By Dave Andrusko
It was a Christmas miracle. Out of the carnage and destruction from the tornado that ripped through parts of the Midwest , Tennessee River Valley, and Kentucky earlier this month, a quick-thinking grandmother saved her two grandbabies by sheltering them in a bathtub.
The miracle? The tornado ripped the bathtub out of the ground where it “was found in her yard, upside down, with the babies underneath,” The Associated Press reported. “Authorities from the sheriff’s office drove to the end of grandmother Clara Lutz’s driveway and reunited her with the two children.”
As the tornado approached, “All I could say was, ‘Lord please bring my babies back safely. Please, I beg thee,’” she remembered. “Next thing I knew, the tub had lifted and it was out of my hands. I couldn’t hold on. I just – oh my God,” according to WFIE-TV.
Lutz was babysitting 15-month-old Kaden and 3-month-old Dallas when she learned the tornado was headed directly toward them. “She said she put Kaden and Dallas in the bathtub, all the while praying for their safety,” she told the AP. “With them, she said she placed a Bible and blankets and pillows to protect them.”
After the tornado struck, Lutz went outside and searched for anyone who could help, Jordan Yaney reported
Two sheriff’s deputies and two community members were out in the wreckage.
In their search through the debris, they found the overturned bathtub, with the babies inside.

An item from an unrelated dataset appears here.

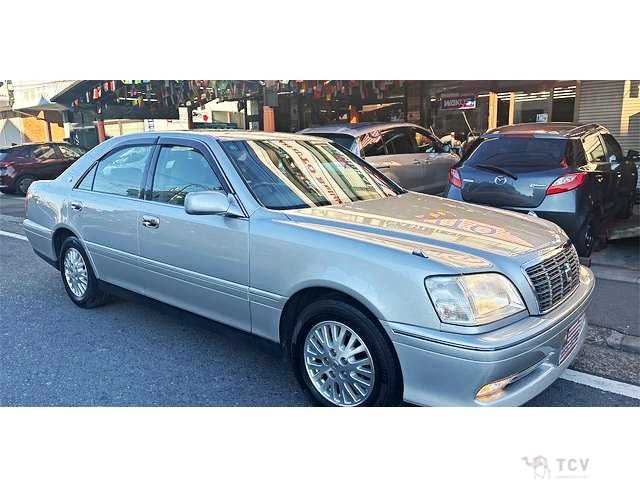 2000 Toyota Crown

“I just heard the sound of crying or screaming coming from a distance,” said Deputy Troy Blue.
Two of the men lifted the bathtub, while Deputy Trent Arnold and another man pulled the babies from the tub.

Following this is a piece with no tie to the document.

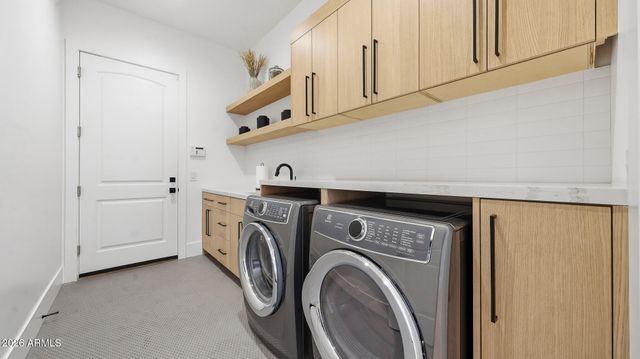 30810 N 52ND Place, Cave Creek, AZ 85331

Body cam footage from the Hopkins County Sheriff’s Office revealed the moment where the babies were found and returned to their grandmother.
“The sheriff came down,” Lutz told WFIE-TV. “I got in the sheriff’s car down at the end of my driveway, and it wasn’t long after that that they opened up the door and brought me Kaden, my 15-month-old. And they brought me my three-month-old, baby Dallas. They brought him to me.”
Lutz’s whole house was stripped down to the foundation, but she told Yancey “She doesn’t care about the material loss and credits God for saving her grandchildren’s lives.”